You may not always receive such a clear error message. If the available machine memory is exceeded, the Linux kernel may terminate your worker with an "OOM". On Kubernetes, the runtime terminates pods that exceed their memory limits, and you may need to adjust your additional memory settings.

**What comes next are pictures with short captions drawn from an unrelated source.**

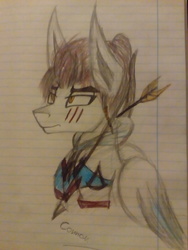 Size: 3072x4096 | Tagged: safe, pony, assassin's creed, connor kenway, high res, lined paper, ponified, solo, traditional art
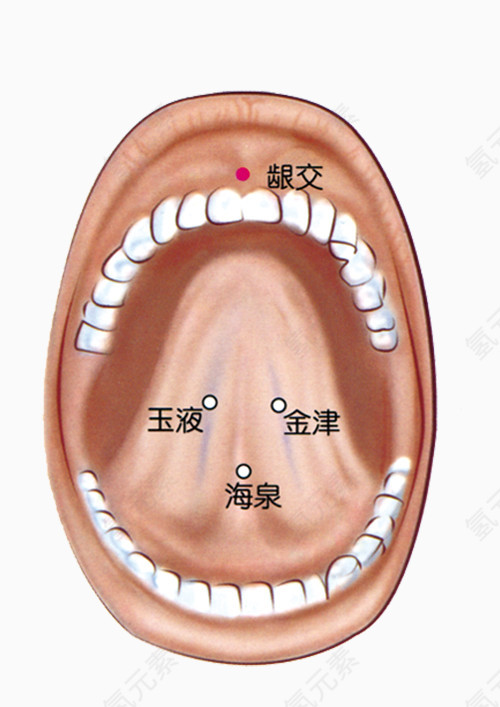 人体口腔正面舌头穴位分布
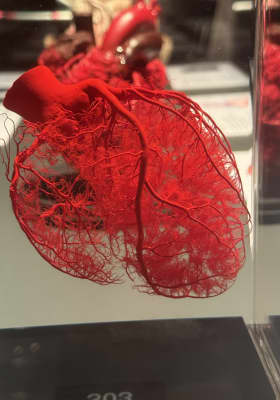 Photo 2 from Northbridge Centre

Join or aggregation cardinality

Deephaven uses hash tables to bucket values in a join or aggregation, which have a maximum size of roughly 750,000,000 million rows. When the cardinality of the hash keys is greater than the maximum size, an error is thrown. For example, this query has a key cardinality of one billion:

x=emptyTable(1_000_000_000).updateView("X=ii")
y=x.countBy("Count", "X")

from deephaven import empty_table

x = empty_table(1_000_000_000).update_view("X=ii")
y = x.count_by("Count", "X")

This results in the following exception:

r-Scheduler-Serial-1 | .c.ConsoleServiceGrpcImpl | Error running script: java.lang.UnsupportedOperationException: Hash table exceeds maximum size!
	at io.deephaven.engine.table.impl.by.OperatorAggregationStateManagerOpenAddressedBase.doRehash(OperatorAggregationStateManagerOpenAddressedBase.java:92)
	at io.deephaven.engine.table.impl.by.OperatorAggregationStateManagerOpenAddressedBase.buildTable(OperatorAggregationStateManagerOpenAddressedBase.java:76)
	at io.deephaven.engine.table.impl.by.StaticChunkedOperatorAggregationStateManagerOpenAddressedBase.add(StaticChunkedOperatorAggregationStateManagerOpenAddressedBase.java:56)
	at io.deephaven.engine.table.impl.by.ChunkedOperatorAggregationHelper.initialBucketedKeyAddition(ChunkedOperatorAggregationHelper.java:1877)
	at io.deephaven.engine.table.impl.by.ChunkedOperatorAggregationHelper.aggregation(ChunkedOperatorAggregationHelper.java:200)
	at io.deephaven.engine.table.impl.by.ChunkedOperatorAggregationHelper.lambda$aggregation$2(ChunkedOperatorAggregationHelper.java:130)
	at io.deephaven.engine.table.impl.BaseTable.initializeWithSnapshot(BaseTable.java:1293)
	at io.deephaven.engine.table.impl.by.ChunkedOperatorAggregationHelper.lambda$aggregation$3(ChunkedOperatorAggregationHelper.java:127)
	at io.deephaven.engine.liveness.LivenessScopeStack.computeEnclosed(LivenessScopeStack.java:179)
	at io.deephaven.engine.table.impl.by.ChunkedOperatorAggregationHelper.aggregation(ChunkedOperatorAggregationHelper.java:115)
	at io.deephaven.engine.table.impl.by.ChunkedOperatorAggregationHelper.aggregation(ChunkedOperatorAggregationHelper.java:70)
	at io.deephaven.engine.table.impl.QueryTable.lambda$aggNoMemo$18(QueryTable.java:855)
	at io.deephaven.engine.table.impl.perf.QueryPerformanceRecorder.withNugget(QueryPerformanceRecorder.java:369)
	at io.deephaven.engine.table.impl.QueryTable.aggNoMemo(QueryTable.java:854)
	at io.deephaven.engine.table.impl.QueryTable.lambda$aggBy$17(QueryTable.java:830)
	at io.deephaven.engine.table.impl.QueryTable$MemoizedResult.getOrCompute(QueryTable.java:3681)
	at io.deephaven.engine.table.impl.QueryTable.memoizeResult(QueryTable.java:3650)
	at io.deephaven.engine.table.impl.QueryTable.aggBy(QueryTable.java:830)
	at io.deephaven.engine.table.impl.QueryTable.aggBy(QueryTable.java:98)
	at io.deephaven.api.TableOperationsDefaults.aggBy(TableOperationsDefaults.java:337)
	at io.deephaven.api.TableOperationsDefaults.aggBy(TableOperationsDefaults.java:324)
	at io.deephaven.api.TableOperationsDefaults.countBy(TableOperationsDefaults.java:412)
	at io.deephaven.api.TableOperationsDefaults.countBy(TableOperationsDefaults.java:406)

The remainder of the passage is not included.